- Born: May 12, 1949 (age 77) Surrey, England
- Occupations: Playwright; theater director; producer;
- Website: simonlevy.com

= Simon Levy =

American playwright and theater director (born 1949)

Simon Levy (born May 12, 1949) is an American theater director and playwright who has been the producing director and dramaturge with the Fountain Theatre in Los Angeles since 1993.

==Biography==

Levy was born in Surrey, England and grew up in San Francisco. He graduated from City College of San Francisco with an Associate in Arts and San Francisco State University with a BA and MA in theater, and began his career as an actor in San Francisco, primarily with the New Shakespeare Company and then the Alley Theater in Houston, Texas. Prior to studying theater, he was a music major, played the saxophone, and was a jazz and rock-and-roll musician.
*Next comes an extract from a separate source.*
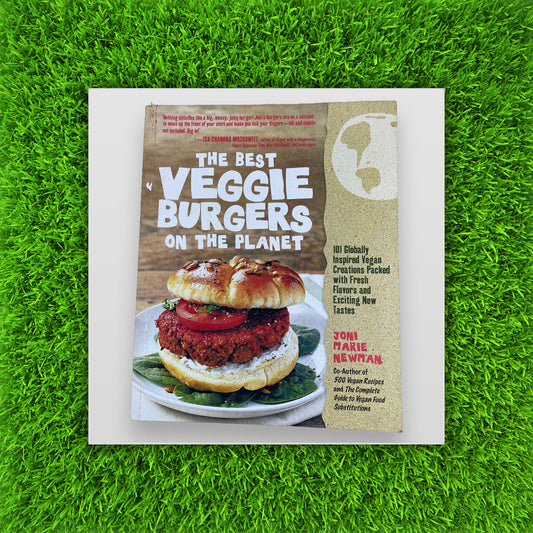 The Best Veggie Burgers on the Planet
He made his debut as a professional stage director in 1980 at the One Act Theatre Company in San Francisco, where he focused on the development of new work, directing many of the plays of Michael Lynch, among others, and at the Magic Theatre, directing the plays of Lynne Kaufman, among others. He moved to Los Angeles in 1990 and joined the staff of the Fountain Theatre in 1993. He has taught playwriting at UCLA Writer's Extension and Chapman University, been a site evaluator for the National Endowment for the Arts and the California Arts Council, and is a member of numerous theater and humanitarian organizations, including the Dramatists Guild, Society for Directors and Choreographers, and Literary Managers and Dramaturgs of the Americas.

==Selected works==
- What I Heard About Iraq, an anti-Iraq War play adapted from Eliot Weinberger's prose poem and performed at the Edinburgh Fringe Festival and Adelaide Fringe Festival (where it won Fringe First Awards) among other productions worldwide. (2006)
- Levy's stage adaptation of The Great Gatsby, published by Dramatists Play Service—authorized and granted exclusive rights by the Fitzgerald Estate—has had over 600 productions worldwide and continues to be produced. The play inaugurated the Guthrie Theater's new complex, was subsequently produced at Seattle Repertory Theatre, and was a finalist for the PEN Award in Drama. (2007)
- F. Scott Fitzgerald's The Last Tycoon and Tender is the Night.
- Award-winning and critically acclaimed premiere of Stephen Sachs' Cyrano a co-production of the Fountain Theatre and Deaf West Theatre (2012)
- Mark Harelik's The Immigrant for Sierra Madre Playhouse, where it received rave reviews. (2018)

==Awards and recognition==
Levy is the recipient of numerous directing and producing awards, including the Los Angeles Drama Critics Circle's Milton Katselas Career Achievement Award in Directing.